Bias updating involves comparing each lab result with the inferential value and adjusting the bias, typically by 25% or 50% of the error, and with a maximum update limit based on the lab test standard deviation. The bias update mechanism keeps the inferential on track over the long term and responds, albeit gradually over the course of multiple samples, to process changes that may not be accurately reflected in the inferential inputs, the chosen equation form, or the modeling data set. Unrealistic lab results, i.e., those outside of engineering limits or those resulting in an inferential error of more than 3 sigma, are typically ignored by the bias update routine.
Inferentials for control
Although inferentials are often thought of as working hand-in-hand with multi-variable control (MPC), inferentials are also readily incorporated in regulatory controls. For example, in a crude distillation column, a diesel cutpoint inferential can be cascaded to draw rate at the regulatory level. This is an effective approach to capturing the benefits of inferentials without the overhead, unreliability, and operational difficulty of MPC.

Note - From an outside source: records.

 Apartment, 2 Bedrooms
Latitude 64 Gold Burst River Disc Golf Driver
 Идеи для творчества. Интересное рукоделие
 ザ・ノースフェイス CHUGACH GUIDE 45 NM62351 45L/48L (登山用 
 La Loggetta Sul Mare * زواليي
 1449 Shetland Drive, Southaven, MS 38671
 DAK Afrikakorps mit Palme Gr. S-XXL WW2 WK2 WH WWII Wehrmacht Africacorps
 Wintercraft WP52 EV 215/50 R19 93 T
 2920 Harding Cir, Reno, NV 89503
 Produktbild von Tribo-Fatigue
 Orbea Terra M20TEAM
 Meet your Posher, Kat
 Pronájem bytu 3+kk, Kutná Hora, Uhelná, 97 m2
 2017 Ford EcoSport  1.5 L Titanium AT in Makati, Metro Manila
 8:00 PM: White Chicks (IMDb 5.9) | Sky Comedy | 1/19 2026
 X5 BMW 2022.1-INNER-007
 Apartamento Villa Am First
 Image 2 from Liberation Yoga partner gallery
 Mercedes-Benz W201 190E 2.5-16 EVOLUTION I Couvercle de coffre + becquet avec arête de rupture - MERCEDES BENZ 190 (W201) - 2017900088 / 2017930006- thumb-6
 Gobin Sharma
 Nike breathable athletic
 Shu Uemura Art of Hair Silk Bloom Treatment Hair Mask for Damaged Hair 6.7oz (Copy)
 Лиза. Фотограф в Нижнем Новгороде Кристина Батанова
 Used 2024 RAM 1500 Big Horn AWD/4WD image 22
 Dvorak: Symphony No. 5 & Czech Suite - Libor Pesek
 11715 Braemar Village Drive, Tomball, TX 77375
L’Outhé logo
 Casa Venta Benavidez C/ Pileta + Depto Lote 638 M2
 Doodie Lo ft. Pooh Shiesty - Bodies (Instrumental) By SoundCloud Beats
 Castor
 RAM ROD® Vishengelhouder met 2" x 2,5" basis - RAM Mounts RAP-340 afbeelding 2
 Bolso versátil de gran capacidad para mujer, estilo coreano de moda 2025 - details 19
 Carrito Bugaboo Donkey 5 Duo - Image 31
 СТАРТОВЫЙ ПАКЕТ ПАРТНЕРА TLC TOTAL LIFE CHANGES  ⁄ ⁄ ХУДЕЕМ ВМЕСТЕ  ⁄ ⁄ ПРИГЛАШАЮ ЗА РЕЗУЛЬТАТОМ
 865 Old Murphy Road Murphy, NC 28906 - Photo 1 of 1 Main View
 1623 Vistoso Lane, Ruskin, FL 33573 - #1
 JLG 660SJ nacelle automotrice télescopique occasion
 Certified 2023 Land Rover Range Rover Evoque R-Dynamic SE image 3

In some cases, an inferential is used to provide a continuing real-time result between online analyzer results, to fill the several-minute cycle gap typical of on-stream analyzers. In this case, inferential accuracy is not as important since there is less time for drift; although if the inferential is expected to fill in for lengthy periods of analyzer downtime, then inferential reliability and bias updating again become essential.
Treating bad actors
Not all process parameters lend themselves to reliable inferential modeling. Those that relate to liquid-vapor equilibrium, such as distillation separation, are generally easy to model and robust in performance. Viscosity, sulfur, and many other properties are generally difficult and often impossible to model. In between are some models wherein low-bar performance may be the best that can be accomplished, but it is still better than nothing.
Where an inferential fails to perform as expected, it is usually due to missing an important input (which may be unavailable or simply overlooked), an incomplete modeling data set (some operating modes are unrepresented), or an inappropriate equation form, whether empirical or first principles based.